De terugval in patiëntenbezoek en consulten zal plaatsvinden doordat patiënten de huisarts, al dan niet terecht, mijden. Daarnaast doordat huisartsen patiënten weren.
We zitten met de vraag wat er te gebeuren staat als de Coronatijd voorbij is. Hoe groot blijkt de (ingehouden) zorgvraag? Barst die alsnog los? Voor een belangrijk deel waarschijnlijk wel; voor een ander deel zullen er mensen zijn voor wie de klachten tot het verleden behoren.
Ik vind over de postcorona tijd weinig in de media. Er wordt m.i. onvoldoende over later nagedacht. Ook niet op de website van de LHV. Je komt in tv-uitzendingen mensen tegen voor wie behandeling voor kanker of hartaandoening wordt onderbroken. Terecht is daar aandacht voor en wordt er niet te veel uitgesteld.
Huisartsen zijn een belangrijke spil in de Nederlandse gezondheidszorg. De rust in veel huisartspraktijken zal ook terug te vinden zijn in ziekenhuispoliklinieken. Er is dus capaciteit. Akkoord – er moet extra bescherming worden geboden aan de werkenden.
Waarom niet nu al te werken aan tegemoettreding van een zich plotseling aandienende zorgvraag?. Er zijn mogelijkheden om meer te gaan weten over wat geneeskundig Nederland wacht. Er is zelfs een mogelijkheid om de ernstigste gevallen op het spoor te komen zodat de huisarts in ieder geval nu al kan ingrijpen.
Anders komen er schrikbarend lange toegangstijden tot specialismen in ziekenhuizen in beeld. Met schrik denk ik terug aan mijn eigen meetwerk bij patiënten. Eén van de onderwerpen was de toegangstijd tot een polikliniek. Kon men binnen een week terecht dan meldde nog geen 10% een tussentijdse toename van pijn en ongemak. Hun “medische” toestand bleef redelijk stabiel. Moest er meer dan zeven weken gewacht worden dan steeg het aantal patiënten met toename van pijn en ongemak tot 40% of hoger. Ongeveer een zelfde percentage meldde een verergering van de toestand. Het betreft een peiling van het begin van deze eeuw. Dus even terug. Wel een lekker grote steekproef van 3200 man/vrouw.
Voor nu is het advies het traceren van de ernstigste gevallen en daar aandacht aan te besteden.
Er kan een eerste stap gezet worden naar selectie. De huisarts kan bijvoorbeeld een mail sturen aan al zijn of haar patiënten met enige wel gebalanceerde vragen.

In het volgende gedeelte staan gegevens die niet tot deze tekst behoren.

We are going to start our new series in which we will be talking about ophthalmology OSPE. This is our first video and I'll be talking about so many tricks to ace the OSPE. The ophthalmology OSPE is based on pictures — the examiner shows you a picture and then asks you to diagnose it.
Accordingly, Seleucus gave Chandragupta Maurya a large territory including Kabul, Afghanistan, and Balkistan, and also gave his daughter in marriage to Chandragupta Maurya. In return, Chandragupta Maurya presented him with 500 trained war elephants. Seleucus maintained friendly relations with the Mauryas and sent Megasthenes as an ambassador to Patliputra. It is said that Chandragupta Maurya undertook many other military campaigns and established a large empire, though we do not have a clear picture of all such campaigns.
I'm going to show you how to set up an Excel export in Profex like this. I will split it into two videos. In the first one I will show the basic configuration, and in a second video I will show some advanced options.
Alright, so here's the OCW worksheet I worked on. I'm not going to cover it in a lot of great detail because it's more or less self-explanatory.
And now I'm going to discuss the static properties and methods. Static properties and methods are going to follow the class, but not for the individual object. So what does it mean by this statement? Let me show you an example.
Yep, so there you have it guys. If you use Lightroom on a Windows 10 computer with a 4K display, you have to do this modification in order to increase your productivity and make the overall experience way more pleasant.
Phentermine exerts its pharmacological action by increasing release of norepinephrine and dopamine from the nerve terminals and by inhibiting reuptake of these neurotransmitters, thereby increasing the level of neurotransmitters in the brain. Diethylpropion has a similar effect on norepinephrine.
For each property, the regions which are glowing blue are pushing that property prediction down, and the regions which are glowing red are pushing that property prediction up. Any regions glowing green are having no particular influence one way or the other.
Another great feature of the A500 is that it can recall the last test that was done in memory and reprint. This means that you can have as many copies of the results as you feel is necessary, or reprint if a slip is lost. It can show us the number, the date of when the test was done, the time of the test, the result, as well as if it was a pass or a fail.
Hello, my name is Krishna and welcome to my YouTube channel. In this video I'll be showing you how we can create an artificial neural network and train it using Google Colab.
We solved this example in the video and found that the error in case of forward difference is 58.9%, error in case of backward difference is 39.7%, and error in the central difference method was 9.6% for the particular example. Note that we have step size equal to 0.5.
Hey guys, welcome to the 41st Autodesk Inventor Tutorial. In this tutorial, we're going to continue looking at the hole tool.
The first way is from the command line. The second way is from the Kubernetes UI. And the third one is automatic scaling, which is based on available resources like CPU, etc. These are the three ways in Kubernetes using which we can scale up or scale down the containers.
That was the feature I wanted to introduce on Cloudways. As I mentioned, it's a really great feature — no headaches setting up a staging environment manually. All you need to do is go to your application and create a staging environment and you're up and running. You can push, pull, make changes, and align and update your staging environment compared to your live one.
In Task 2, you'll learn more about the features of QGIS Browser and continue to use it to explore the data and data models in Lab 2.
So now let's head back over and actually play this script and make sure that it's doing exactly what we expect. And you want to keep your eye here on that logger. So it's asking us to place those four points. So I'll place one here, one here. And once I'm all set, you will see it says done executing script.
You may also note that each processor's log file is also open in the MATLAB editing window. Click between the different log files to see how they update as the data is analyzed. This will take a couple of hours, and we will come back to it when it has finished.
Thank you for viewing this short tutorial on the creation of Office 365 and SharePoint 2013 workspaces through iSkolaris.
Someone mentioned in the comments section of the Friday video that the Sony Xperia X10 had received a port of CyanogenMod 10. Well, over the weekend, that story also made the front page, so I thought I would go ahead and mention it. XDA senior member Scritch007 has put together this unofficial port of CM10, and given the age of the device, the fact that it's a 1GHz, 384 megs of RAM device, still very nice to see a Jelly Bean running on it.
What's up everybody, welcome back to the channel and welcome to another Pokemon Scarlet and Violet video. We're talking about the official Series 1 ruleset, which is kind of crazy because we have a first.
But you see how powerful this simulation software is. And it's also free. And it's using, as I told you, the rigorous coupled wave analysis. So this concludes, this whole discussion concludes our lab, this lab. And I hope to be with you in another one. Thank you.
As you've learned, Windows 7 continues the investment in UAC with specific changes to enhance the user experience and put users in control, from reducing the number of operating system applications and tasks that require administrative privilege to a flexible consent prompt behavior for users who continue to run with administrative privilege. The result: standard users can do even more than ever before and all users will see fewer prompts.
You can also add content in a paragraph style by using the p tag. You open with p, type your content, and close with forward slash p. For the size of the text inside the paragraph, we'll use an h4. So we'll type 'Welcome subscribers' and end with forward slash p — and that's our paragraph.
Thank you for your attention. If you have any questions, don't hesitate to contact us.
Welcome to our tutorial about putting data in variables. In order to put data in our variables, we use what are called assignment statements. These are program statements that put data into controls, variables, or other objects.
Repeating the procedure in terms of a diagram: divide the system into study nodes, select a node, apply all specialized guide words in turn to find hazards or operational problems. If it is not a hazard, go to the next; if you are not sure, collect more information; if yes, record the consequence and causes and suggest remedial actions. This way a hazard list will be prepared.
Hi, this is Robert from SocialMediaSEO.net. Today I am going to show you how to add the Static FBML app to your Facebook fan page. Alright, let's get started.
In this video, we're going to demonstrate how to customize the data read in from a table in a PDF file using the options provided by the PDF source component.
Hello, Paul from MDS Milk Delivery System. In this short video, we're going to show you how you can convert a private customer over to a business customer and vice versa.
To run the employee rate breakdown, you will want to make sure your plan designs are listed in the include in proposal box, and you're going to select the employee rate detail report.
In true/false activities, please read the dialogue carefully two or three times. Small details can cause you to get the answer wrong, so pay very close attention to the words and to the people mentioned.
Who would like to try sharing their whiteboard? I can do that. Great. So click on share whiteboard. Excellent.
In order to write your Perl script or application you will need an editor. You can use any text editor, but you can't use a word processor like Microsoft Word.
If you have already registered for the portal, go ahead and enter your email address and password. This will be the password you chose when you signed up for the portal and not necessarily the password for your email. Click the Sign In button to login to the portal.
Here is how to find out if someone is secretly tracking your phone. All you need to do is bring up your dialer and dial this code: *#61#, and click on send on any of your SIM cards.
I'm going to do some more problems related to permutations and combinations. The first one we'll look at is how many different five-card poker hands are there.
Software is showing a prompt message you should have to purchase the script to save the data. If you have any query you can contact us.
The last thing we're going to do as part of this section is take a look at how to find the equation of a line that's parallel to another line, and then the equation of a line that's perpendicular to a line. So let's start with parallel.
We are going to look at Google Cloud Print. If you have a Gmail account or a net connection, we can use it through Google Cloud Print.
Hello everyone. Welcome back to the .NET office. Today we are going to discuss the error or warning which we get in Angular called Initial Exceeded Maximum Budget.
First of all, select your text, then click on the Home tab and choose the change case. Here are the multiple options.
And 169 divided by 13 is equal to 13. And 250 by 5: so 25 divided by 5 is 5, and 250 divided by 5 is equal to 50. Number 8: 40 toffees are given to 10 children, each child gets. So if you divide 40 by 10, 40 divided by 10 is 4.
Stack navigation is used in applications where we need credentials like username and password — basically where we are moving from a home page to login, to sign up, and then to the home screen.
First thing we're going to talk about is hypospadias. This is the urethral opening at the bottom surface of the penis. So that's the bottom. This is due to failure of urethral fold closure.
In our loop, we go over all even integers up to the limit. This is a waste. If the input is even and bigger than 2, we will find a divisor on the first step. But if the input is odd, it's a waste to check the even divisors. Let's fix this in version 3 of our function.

Publiceer bovendien de gezette stap in een plaatselijk blad. Op grond van de reacties kan er in eerste instantie met degenen die spoedig aandacht verdienen, gebeld en gesproken worden en nadere afspraken gemaakt.
Het lijkt mij zeer op de weg liggen van de LHV om, met de hulp van een bekwame vragen-formuleerder, zich met deze materie te bemoeien. Daardoor kan de LHV zich niet alleen manifesteren als vakbond maar ook tonen de samenleving te dienen met een vooruitziende blik.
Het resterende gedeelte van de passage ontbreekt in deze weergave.